沖縄県宮古島市上野野原の陸上自衛隊宮古島駐屯地内宿舎の自宅で昨年2月、当時5歳と3歳の息子2人を殺害したとして、殺人罪に問われた母親(40)の裁判員裁判で、那覇地裁(小野裕信裁判長)は24日、精神障がいの影響で犯行時の女性は心神喪失の状態となり、行動制御能力が失われていたなどとして無罪を言い渡した。

那覇地裁

 公判では、2児殺害の事実や、女性が患った精神障がいが犯行に影響したことについて争いは無く、刑事責任能力が限定的(心神耗弱)か、全くなかった(心神喪失)かという責任能力の程度が争点だった。検察側は懲役8年を求刑、弁護側は無罪を主張していた。

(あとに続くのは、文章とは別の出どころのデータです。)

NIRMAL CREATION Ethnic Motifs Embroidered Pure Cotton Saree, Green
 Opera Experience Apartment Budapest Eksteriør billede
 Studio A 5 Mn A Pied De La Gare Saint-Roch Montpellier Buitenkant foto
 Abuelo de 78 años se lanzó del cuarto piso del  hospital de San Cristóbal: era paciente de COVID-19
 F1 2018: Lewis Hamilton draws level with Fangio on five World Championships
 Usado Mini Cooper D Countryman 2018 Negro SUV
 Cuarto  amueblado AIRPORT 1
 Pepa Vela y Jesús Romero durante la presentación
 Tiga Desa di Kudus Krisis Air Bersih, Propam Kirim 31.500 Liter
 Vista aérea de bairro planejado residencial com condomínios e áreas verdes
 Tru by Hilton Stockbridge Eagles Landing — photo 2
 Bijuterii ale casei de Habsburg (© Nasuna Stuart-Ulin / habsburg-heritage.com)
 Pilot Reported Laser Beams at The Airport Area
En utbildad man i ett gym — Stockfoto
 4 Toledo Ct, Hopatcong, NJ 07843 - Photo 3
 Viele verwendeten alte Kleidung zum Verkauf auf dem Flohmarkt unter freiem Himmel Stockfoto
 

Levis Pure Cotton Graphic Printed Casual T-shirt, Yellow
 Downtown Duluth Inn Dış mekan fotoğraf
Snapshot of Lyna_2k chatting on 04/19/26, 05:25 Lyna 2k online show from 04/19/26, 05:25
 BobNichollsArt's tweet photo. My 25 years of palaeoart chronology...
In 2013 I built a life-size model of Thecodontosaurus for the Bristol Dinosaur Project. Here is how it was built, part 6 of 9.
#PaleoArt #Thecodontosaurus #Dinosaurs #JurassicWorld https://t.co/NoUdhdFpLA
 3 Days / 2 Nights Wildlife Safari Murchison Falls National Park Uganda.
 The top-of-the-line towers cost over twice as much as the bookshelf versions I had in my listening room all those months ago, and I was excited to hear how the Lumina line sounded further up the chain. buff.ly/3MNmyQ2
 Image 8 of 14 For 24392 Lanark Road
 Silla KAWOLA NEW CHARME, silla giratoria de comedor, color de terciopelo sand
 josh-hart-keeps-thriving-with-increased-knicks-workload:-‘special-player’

 これまで検察側は犯行に精神障がいが大きく影響したと認めつつも犯行前後で合理的行動ができているとし、行動制御能力が完全に失われていない心神耗弱状態だったとし「犯行に一定程度は意志・判断が働いていた」と指摘していた。

 弁護側は、女性が新型コロナ禍の自粛生活の中で抑うつ障がいも併発し、子どもたちの将来を悲観して「3人で死ぬしか無い」という無理心中への衝動に支配されたなどと強調。「事件当時は行動を制御できず、心神喪失の状態だった」と主張していた。